I have noticed a strong desire among some Kashmiris to learn about their past, but I always developed differences with them owing to my distinct academic approach and their irrationally stern preconceived bias for research oriented academic study of Saivism. Contrary to that I have also come across some so called 'overnight experts' in “Kashmir Saivism” who are misusing this system for gaining popularity among common masses. All I can say is 'Good luck to them'. Nobody ever showed a faithful wish to learn, but everyone was pretending to “know” and I could always sense the unwanted ego working in the background. Here I must also mention that one has to treat academic study separately from spirituality that is always misunderstood by common masses in case of Sanskrit studies or Saivism in particular. Prof Gurtoo was one such great academician with a flair for research orientation in both these fields. Kashmiris in general are happy being in their orthodox well and never want to come out of it. To them, my historical approach to Kashmirian studies makes me an ‘unwelcome intruder’ in the subject. At least that is what they have made me feel all these years since when I began studying Saivism. They would call me a “child” when their orthodox theories are criticized by my rational approach. Well, this irony will continue to survive as far as I am lungful of air, but my sole purpose of introducing the life of Professor Nilkanth Gurtoo is just this that they should come out of their well and develop the sensitivity and patience to learn Saivism rather academically. I think this is what was the pursuit of Prof Gurtoo’s life and this is what we should learn from his death. I am writing this because I think he was the last ‘Kashmiri’ who knew Saivism to such a depth.

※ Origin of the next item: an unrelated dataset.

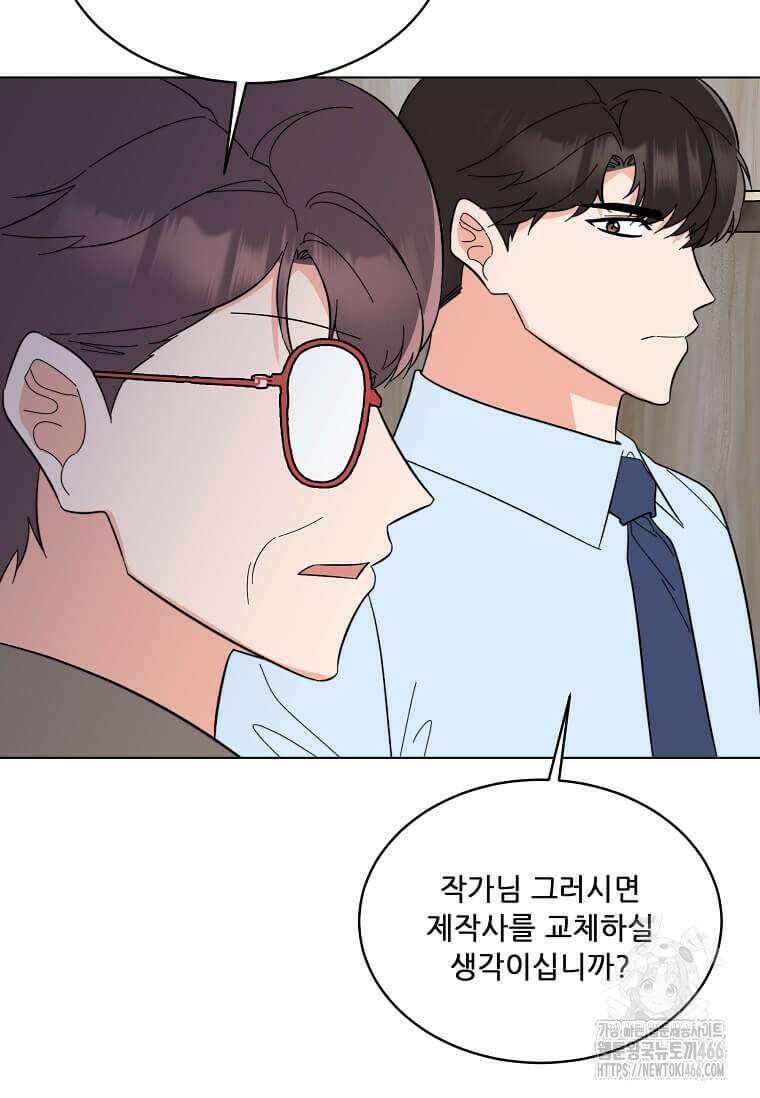 1년차 만렙 매니저 138화 9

Early Life and Academic Career
I do not know how many Kashmiris would know Professor Nilkanth Gurtoo whom I regarded the last traditional Sanskrit pandit of Kashmir. He passed away on 18 December 2008 in New Delhi.

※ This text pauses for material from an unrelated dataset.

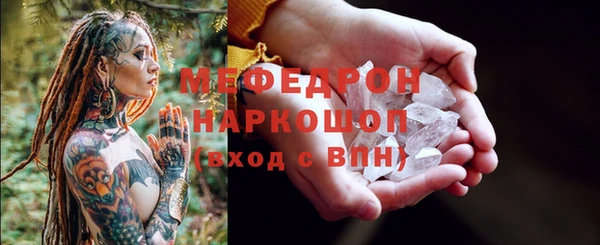 мефедрон Богородск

With him the Kashmirian tradition of Sanskrit scholarship comes to an end. He was born on 2 January, 1925 in Srinagar (Kashmir) and was a son of Pandit Tarachand Gurtoo. He was initiated into Sanskrit studies by Pandit Maheshwar Nath Nehru. Pandit Jankinath Dhar (Vanaprastha) of Arya Samaj taught him the Astadhyayi of Panini. Later, he learned advanced texts of Sanskrit grammar and linguistics with Pandit Lalkak Langoo and Pandit Sarvadananda Handoo of
Dharmarth Council taught him several texts of Sanskrit literature. He also qualified the traditional degrees of Prajna, Visharada and Shastri in Sanskrit from Government Sanskrit College in Srinagar that was affiliated to the undivided University of Punjab in Lahore. After qualifying for Prabhakar degree he went ahead and earned a B.A. in Sanskrit. This allowed him to have a solid foundation and develope deep groundings in Sanskrit language and literature.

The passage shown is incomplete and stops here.